Dataset extract:
****
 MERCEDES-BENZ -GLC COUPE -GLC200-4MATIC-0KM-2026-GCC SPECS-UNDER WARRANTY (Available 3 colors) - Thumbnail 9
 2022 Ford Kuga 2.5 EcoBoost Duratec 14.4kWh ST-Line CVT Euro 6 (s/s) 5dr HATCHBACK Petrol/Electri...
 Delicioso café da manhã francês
****
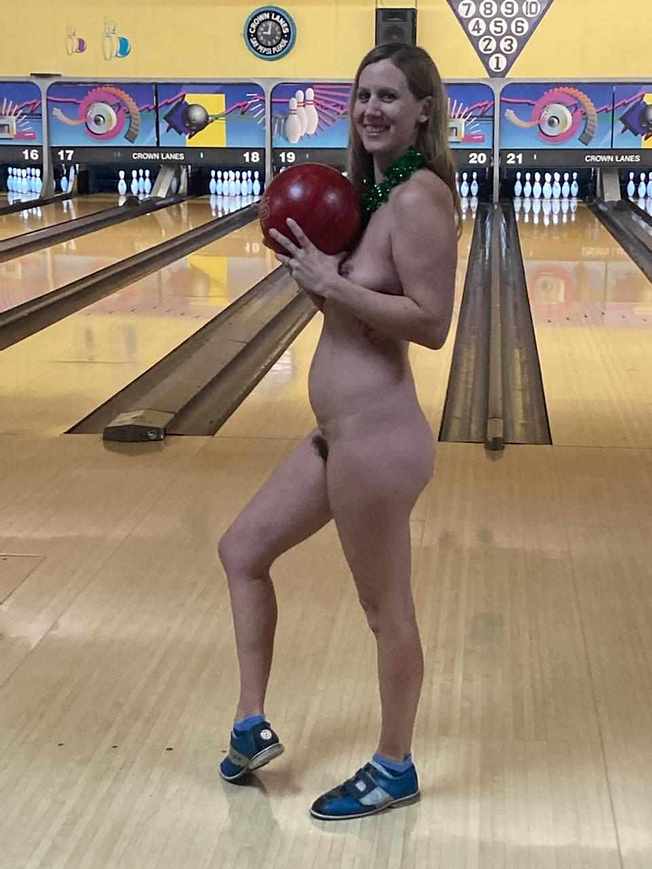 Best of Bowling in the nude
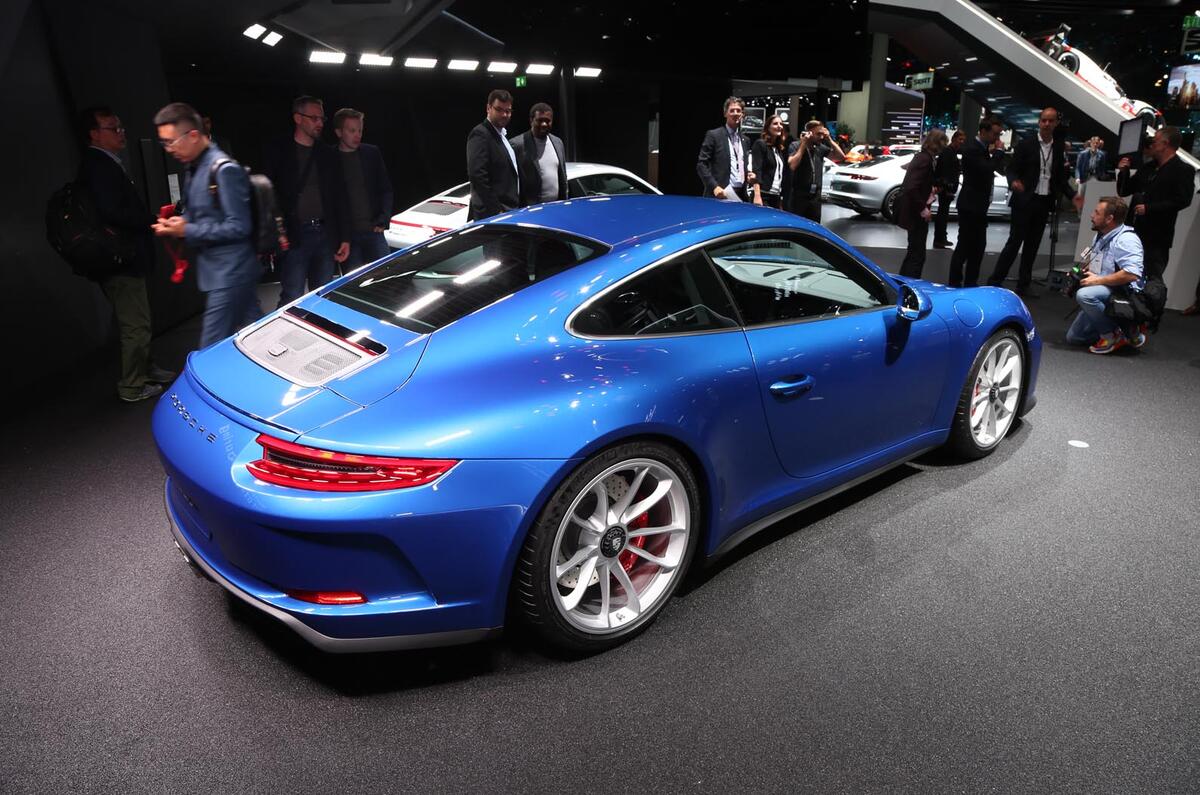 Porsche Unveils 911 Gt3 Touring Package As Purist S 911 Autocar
****
Brief:
Of the entries above, repeat exactly the lines between the line with "2022 Ford Kuga" and the line with "Delicioso café da manhã francês", inclusive, and no others.

Your solution:
 2022 Ford Kuga 2.5 EcoBoost Duratec 14.4kWh ST-Line CVT Euro 6 (s/s) 5dr HATCHBACK Petrol/Electri...
 Delicioso café da manhã francês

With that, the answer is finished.